Adenda: Quando, no primeiro comentário, escrevi "dele" referia-me à pessoa enquanto ser humano. Logo, género masculino.

Que para o efeito tanto importa que seja H ou M.

beijo.

mimanora disse...

"...irias ter mil histórias para contar e não irias ter ninguém que as ouvisse."
É trsite quando não temos com quem partilhar as nossas conquistas e histérias de vida.
É dessa partilha e de aproveitar os momentos bons da vida que nasce a felicidade que não é um estado permanente, vai sendo construída por esses pequenos momentos e de coisas simples.

Ovinho estrelado tem razão: "pergunta-lhe se já é feliz"

Adorei este suhi!

Teresa disse...

Mimanora: acredito que escreveste esse "já" com o mesmo sorriso nos lábios com que eu escrevi... Entre o amarelo, o sarcástico e o dúbio (para o caso da resposta ser um "sim")

Como se a felicidade fosse programável, adiável para a data desejada...

Beijo! *

V. disse...

A felicidade é um conceito que atormenta, não é?

:)

Obrigada meninas :)

Teresa disse...
Este comentário foi removido pelo autor.
Anónimo disse...

Aos calculistas, acredito que sim, Vandinha.

Atormenta porque têm a certeza que é adiável. E atormenta, depois, porque não a podendo adiar mais, acham-na contornável.
E dizem-se felizes.
Mas não são.
Com a agravante que impedem outros, consequentemente, de ser felizes também.

Beijo! :)

ovinhoestrelado*

(O comentário anterior e apagado era meu. Duas gralhas de teclado.)

Júlio disse...

Bem conseguido. O resto já sabes... :)
E sim, a felicidade ou a falta dela, atormenta sempre, creio.
**

mimanora disse...

Ovinho Estrelado, o sorriso deve ter sido parecido a inclinar-se mais para o dúbio!

Anónimo disse...

Ah, eu e a minha melhor amiga ainda falamos do futuro... e nós ainda ontem o fizemos... portanto... isso só pode significar que... ... ... ainda temos muito para concretizar!!!!!

Eu Mesma! disse...

e agora?

és feliz?

é que eu acho tão ingrata essa pergunta.... nunca sei realmente dizer ....

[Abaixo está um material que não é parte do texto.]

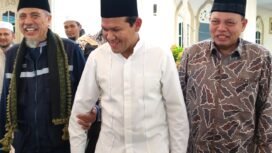 Wakil Gubernur Aceh, H. Fadhlullah, SE, menghadiri Haul ke-4 Tgk. H. Muhammad Amin bin Mahmud Syah atau yang lebih dikenal dengan Abu Tumin, pimpinan Dayah Al Madinatuddiniyah Babussalam, Blang Bladeh, Kabupaten Bireuen, Minggu (16/8/2026).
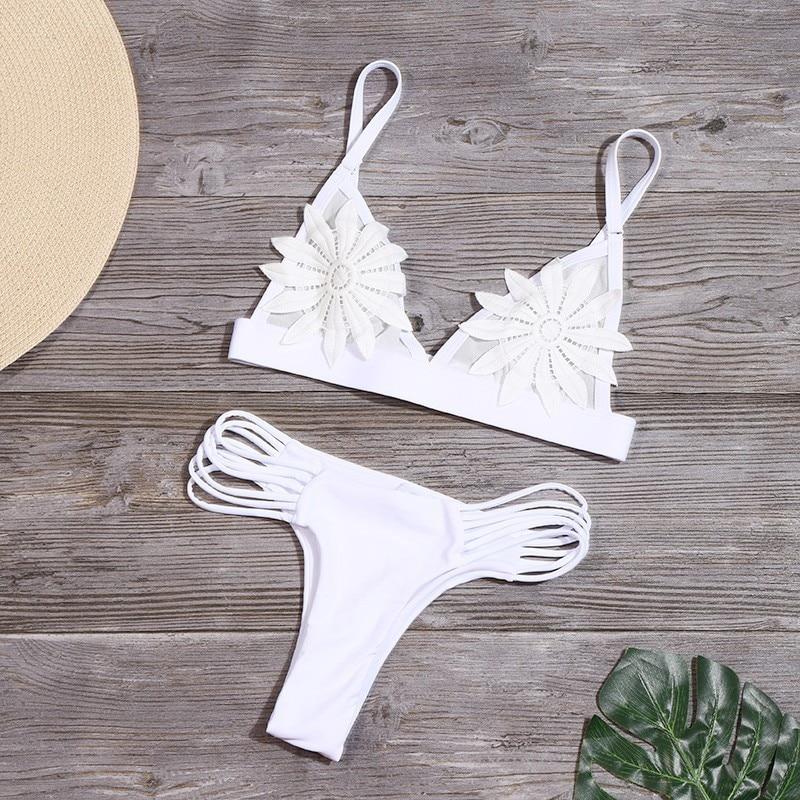 Modny strój kąpielowy bikini damski, dwuczęściowy, z delikatnymi kwiatami.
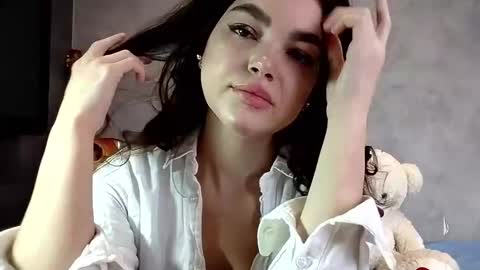 Snapshot of jameybergsman chatting on December 22, 9:28 am Betty online show from December 22, 9:28 am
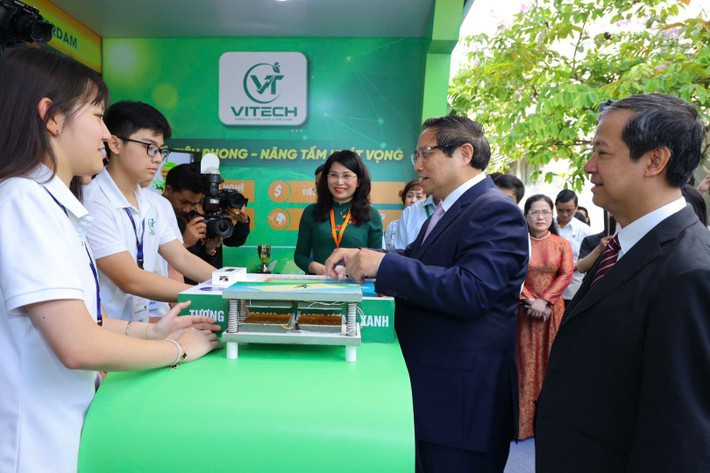 Thủ tướng Phạm Minh Chính tham quan gian hàng khởi nghiệp của học sinh, sinh viên tại Ngày hội. Ảnh: Trần Hiệp z6523249802458-00bf8a7f1ffb0bf9fd041c3a1c75d744.jpg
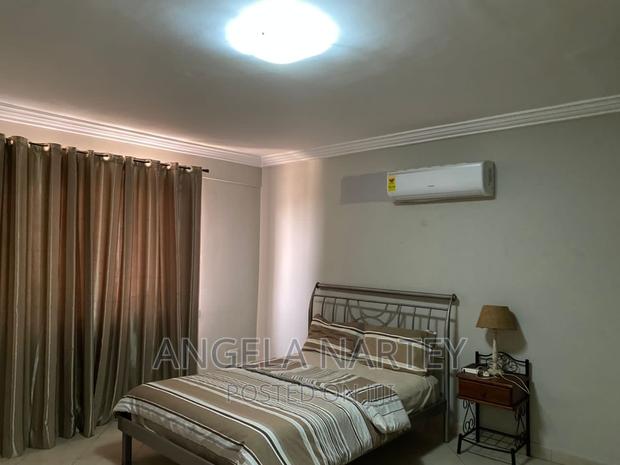 Furnished 3bdrm Apartment in Labone for sale · Photo 5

acho que não me sinto realmente e totalmente feliz talvez por isso

V. disse...

Me Hate, há sempre muito a concretizar, ou então não valeria a pena andar por cá ;)

Eu mesma!, se eu sou feliz? Não tenho o que idealizei que teria há 10, 12, 15, 30 anos atrás (e garanto que não era nada nem especial.. era muito especial mas não era nada do outro mundo e seria tudo) e logo não sou a pessoa que pensei que seria, mas com o quetenho e com todos os ajustes que a inha vida levou, sim, sou feliz porque gosto da pessoa que me tornei. Dada am inha vida podia seruma pessoa que eu não gostaria de ser.

Não precisas de responder a essa pergunta se ta fizerem. E repara: raramente a farão e quem a fará terá um certo grau de intimidade contigo.